My daughter plays soccer and ultimate (she didn’t get her athleticism from me — it comes from her dad) so I understand the word fetid, all too well. It means, well, smelly. Cleats, used jerseys and old gear bags all carry a certain pong that could also be described as fetid.
But I encountered the word recently in a totally unexpected place — a book about sleep, titled Why We Sleep by Matthew Walker. Here is how Walked used the term:
My good colleague Dr. Aric Prather at the University of California, San Francisco, has performed one of the most fetid sleep experiments that I am aware of.
When I encountered the word I realized I knew nothing about its etymology, although I assumed it was an old Anglo-Saxon term.

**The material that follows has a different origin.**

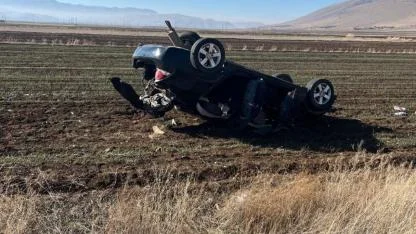 Afyon’da Kontrolden Çıkan Otomobil Şarampole Devrildi: 2 Kişi Yaralandı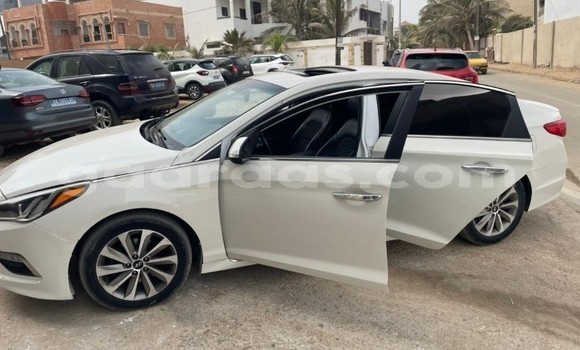 Buy Used Hyundai Sonata White Car in Dakar in Dakar Buy Used Hyundai Sonata White Car in Dakar in Dakar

In fact, it turns out the origin of the word is Latin. It comes from fetidus, which means “stinking.” This, in turn, comes from the word fetere meaning, “to have a bad smell, stink.” And scholars think this is perhaps connected with fimus, meaning “dung,” or with fumus, “smoke.”
Use of the word apparently peaked in the early the mid 1800s — a famously smelly time, particularly in London, where 1858 came to be known as the year of the Great Stink. Hot weather exacerbated the smell of untreated human waste and industrial effluent flowing down the River Thames.
One other interesting connection with the term fetid. It is part of the word asafoetida, an Indian spice with a pungent smell (it has the nickname “the stinking gum”) that, paradoxically, acts as a digestive aid for those hoping to escape gas.